The Bank of Japan looks unlikely to hike rates anytime soon. From Bloomberg:
The Bank of Japan slashed its inflation forecast close to zero and kept the benchmark interest rate unchanged, saying prices will take another year to accelerate.
Core consumer prices will rise 0.1 percent in the 12 months ending March 2008 and 0.5 percent the following year, the central bank said in Tokyo today in its semi-annual outlook. Policy makers had previously predicted a 0.5 percent inflation rate this year...
Core consumer prices, which exclude fresh food, declined 0.3 percent in March from a year earlier, the government statistics bureau said today, the second straight monthly drop.
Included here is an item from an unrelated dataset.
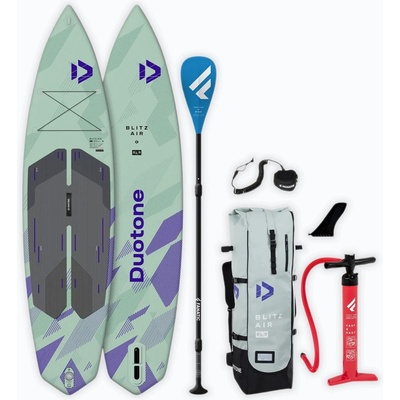 paddleboard DUOTONE iSUP Package Blitz Air SLS pale green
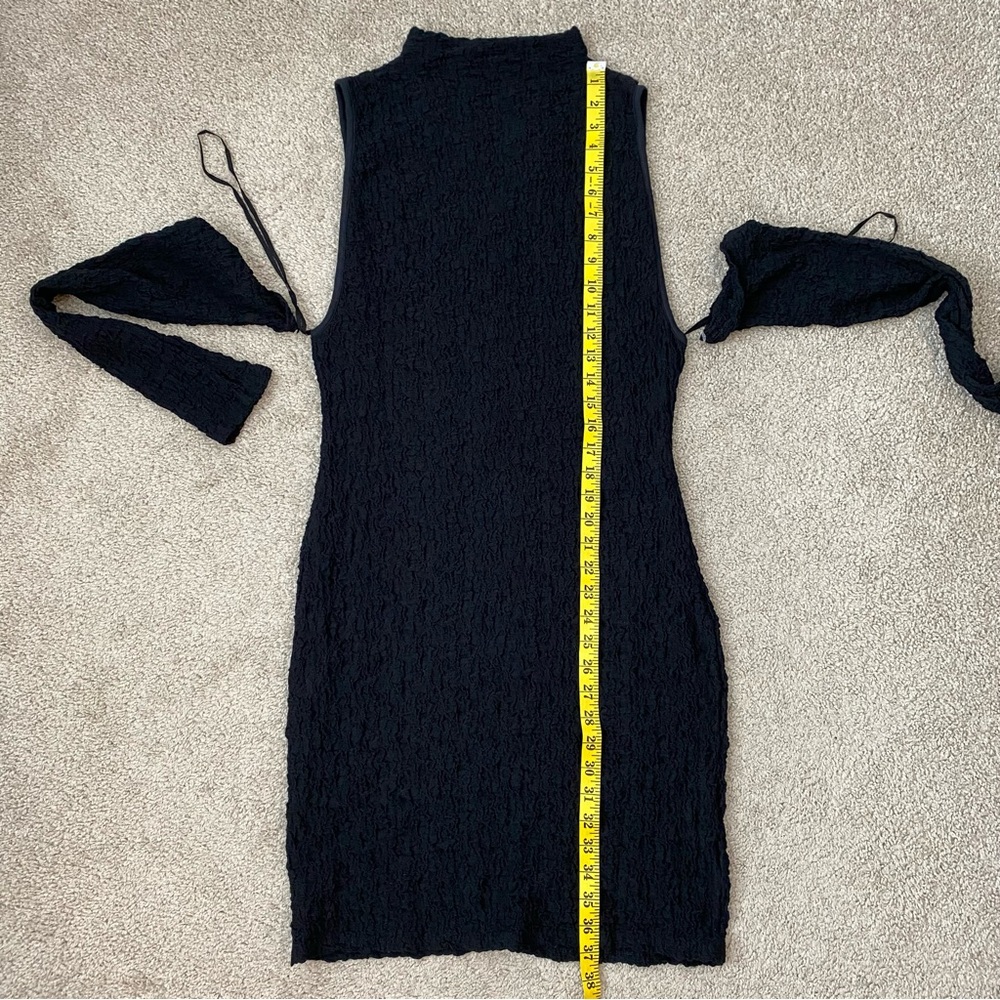 Free People Ava Dress Gloves Set Black M - Picture 12 of 12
Other government reports today showed factory output unexpectedly slumped 0.6 percent, retail sales declined for a sixth month, this time by 0.7 percent, and household spending rose a less-than-expected 0.1 percent. The unemployment rate held at a nine-year low of 4 percent.
Japan's manufacturing received a more mixed report from the purchasing managers index, reports Reuters.
The NTC Research/Nomura/JMMA Purchasing Managers Index, which gives an early snapshot of the health of manufacturing, declined to a seasonally adjusted 52.3 in April from 52.5 in March...
The PMI's new orders index, a barometer of future demand that combines goods orders from both home and abroad, stood at 50.8, the lowest level since January 2005...
However, the output index, which approximates industrial production, rose to 54.2 from 53.5 in March, marking the strongest growth since November.
But weakness in manufacturing has not been confined to Japan. Elsewhere in Asia, March manufacturing production was also down in South Korea and in Singapore.